North Camden infrastructure improvements target streets, sewers, water
Cherry Hill Courier-Post
November 4, 2019
“Cobblestones are the original speed bumps,” joked U.S. Rep. Donald Norcross, “brought over from the Old Country.”
But while cobblestones may be the first way drivers in North Camden were forced to slow down, they’re hardly the only way: The neighborhood’s streets are uneven, prone to flooding, pocked with potholes and yes, the asphalt occasionally gives way to those bumpy but charming remnants of long-bygone days.
Some of those cobblestones will be covered, though, along with the potholes and dips in one of the city’s oldest neighborhoods. And new water and sewer improvements, officials said at a groundbreaking Monday, will help mitigate the flooding that homeowners and motorists have contended with for decades.

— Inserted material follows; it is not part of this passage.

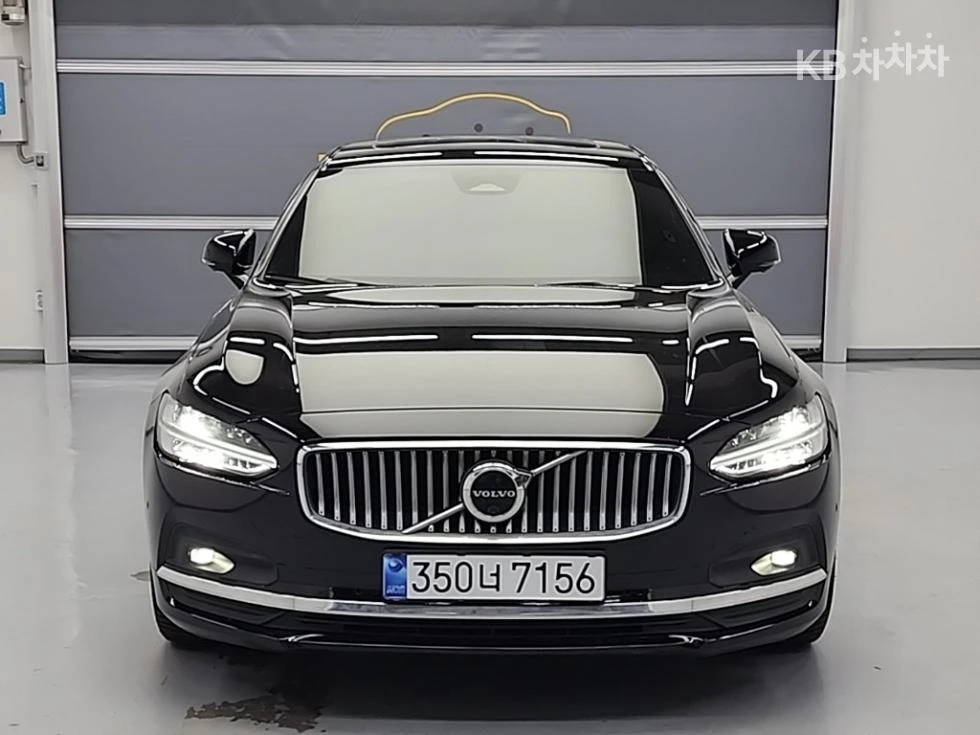 Volvo S90 B5 ULTIMATE HEAD UP/PANORAMA/CAM/FULL, снимка 3 - Автомобили и джипове - 55479246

Norcross was in Camden — where he lives, several blocks away on the other side of the Benjamin Franklin Bridge — Monday afternoon along with his congressional colleague U.S. Sen. Bob Menendez, to tout $16.2 million in federally-funded Transportation Investment Generating Economic Recovery (TIGER) work.

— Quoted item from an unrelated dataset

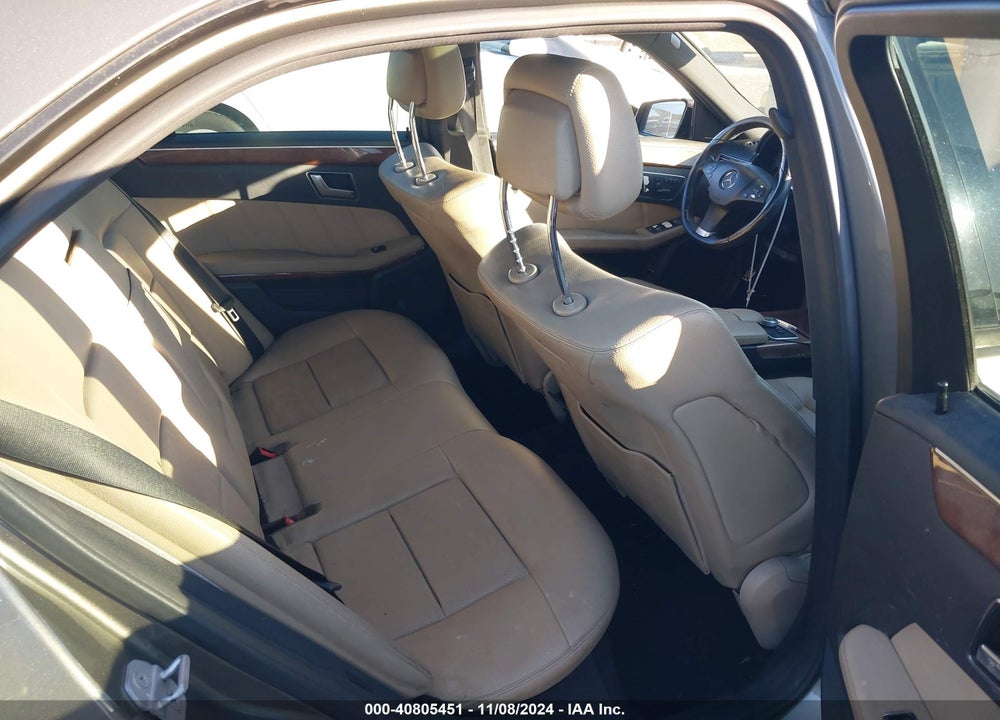 2010 MERCEDES-BENZ E 550 VIN: WDDHF7CB2AA067241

About two square miles of roads, many of them along the corridor that includes Vine, Elm and Main streets, along with Front, 2nd and 3rd streets, will first receive water and sewer improvements. Cobblestone in front historically significant homes along 2nd Street will be preserved, said Meishka Mitchell of Cooper’s Ferry Partnership (which handled the TIGER grant application process), but other cobblestone streets will have to be excavated for the water and sewer upgrades.
New decorative street lights will be installed, more trees will be planted and a green median strip will be book-ended by two roundabouts, Mitchell added.
The goal: Not only to make the streets more navigable for the cars coming to and from the Waterfront, Rutgers–Camden and downtown, but also to make them safer for the children who walk to school, for the elderly residents who want to stay in their neighborhood and need ADA-compliant walkways, and for cyclists and pedestrians who walk and pedal around the city.
Menendez said the TIGER funding, first awarded in 2016, was among one of the most competitive infrastructure grants offered by the federal Department of Transportation, with municipalities all over the country submitting $9 billion in requests for the program’s $500 million in funding.